徐俏本想拉着許周周一起給他過生日,結果這厮一個逗號就把她的計劃否決了。

沒辦法,他的生日,他說了算。她只好自己籌備。

周四快到中午了,于森給她打電話說臨時出差。徐俏急急的問他什麽時候回來,于森立馬明白了她的意思,笑着說保證不耽誤回來吹生日蠟燭。

于森沒來得及收拾行李就去了高鐵站。

早去早回吧。

徐俏計劃了好幾天,最後決定在家吃飯。

奶奶生病以後做飯的事都交到了她手裏,所以這幾年做飯的手藝都練出來了。只是平時工作太忙,就顧不上好好做飯了。

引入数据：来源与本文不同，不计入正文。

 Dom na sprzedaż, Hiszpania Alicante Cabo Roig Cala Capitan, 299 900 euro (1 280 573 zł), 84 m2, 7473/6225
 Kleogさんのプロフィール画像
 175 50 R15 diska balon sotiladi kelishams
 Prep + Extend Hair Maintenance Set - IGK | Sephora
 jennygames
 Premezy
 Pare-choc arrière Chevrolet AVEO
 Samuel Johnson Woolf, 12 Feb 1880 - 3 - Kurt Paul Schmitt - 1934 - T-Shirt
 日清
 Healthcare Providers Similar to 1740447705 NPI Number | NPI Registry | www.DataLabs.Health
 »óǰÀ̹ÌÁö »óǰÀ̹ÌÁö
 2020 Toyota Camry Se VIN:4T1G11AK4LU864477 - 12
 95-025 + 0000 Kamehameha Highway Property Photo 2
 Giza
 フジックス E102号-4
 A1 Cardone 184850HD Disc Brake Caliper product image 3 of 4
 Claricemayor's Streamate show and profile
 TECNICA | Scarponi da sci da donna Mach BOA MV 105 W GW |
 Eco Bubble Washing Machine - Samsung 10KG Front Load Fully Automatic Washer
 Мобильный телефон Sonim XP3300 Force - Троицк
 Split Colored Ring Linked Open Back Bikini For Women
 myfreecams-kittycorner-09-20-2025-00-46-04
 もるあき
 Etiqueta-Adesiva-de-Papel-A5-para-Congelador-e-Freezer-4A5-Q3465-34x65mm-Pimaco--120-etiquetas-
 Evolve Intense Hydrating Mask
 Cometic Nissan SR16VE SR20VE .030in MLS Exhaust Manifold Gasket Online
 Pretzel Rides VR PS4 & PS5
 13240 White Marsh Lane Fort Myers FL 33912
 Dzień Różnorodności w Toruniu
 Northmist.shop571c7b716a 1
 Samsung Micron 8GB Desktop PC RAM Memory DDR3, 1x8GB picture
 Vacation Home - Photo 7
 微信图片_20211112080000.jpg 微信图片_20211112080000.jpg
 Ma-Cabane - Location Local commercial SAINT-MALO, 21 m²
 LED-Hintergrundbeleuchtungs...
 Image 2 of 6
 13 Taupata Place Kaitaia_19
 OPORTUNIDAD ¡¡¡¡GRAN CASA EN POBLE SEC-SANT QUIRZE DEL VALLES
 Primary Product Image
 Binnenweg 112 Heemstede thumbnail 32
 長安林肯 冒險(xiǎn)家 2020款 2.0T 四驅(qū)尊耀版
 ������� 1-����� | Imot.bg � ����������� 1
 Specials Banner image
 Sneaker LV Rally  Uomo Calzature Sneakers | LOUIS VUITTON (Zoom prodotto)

周五她請了一天假,早起去買了菜,回來又把家裏打掃了一遍。下午她又去了甜品店。既然要給他過生日,她決定親力親為。蛋糕做得很簡單,淡藍色的底,上面綴着繡球花瓣。她想了半天還是沒有寫生日快樂,而是寫了平安順遂四個字。

這是徐俏對他所有的期望。

做完了蛋糕她一路捧着回了家,生怕出一點差錯。

到家以後她挽起頭發洗手準備做飯,這時候門鈴響了。

于森跟她說7點能到家,她以為他提前回來了。急急忙忙跑過去開門。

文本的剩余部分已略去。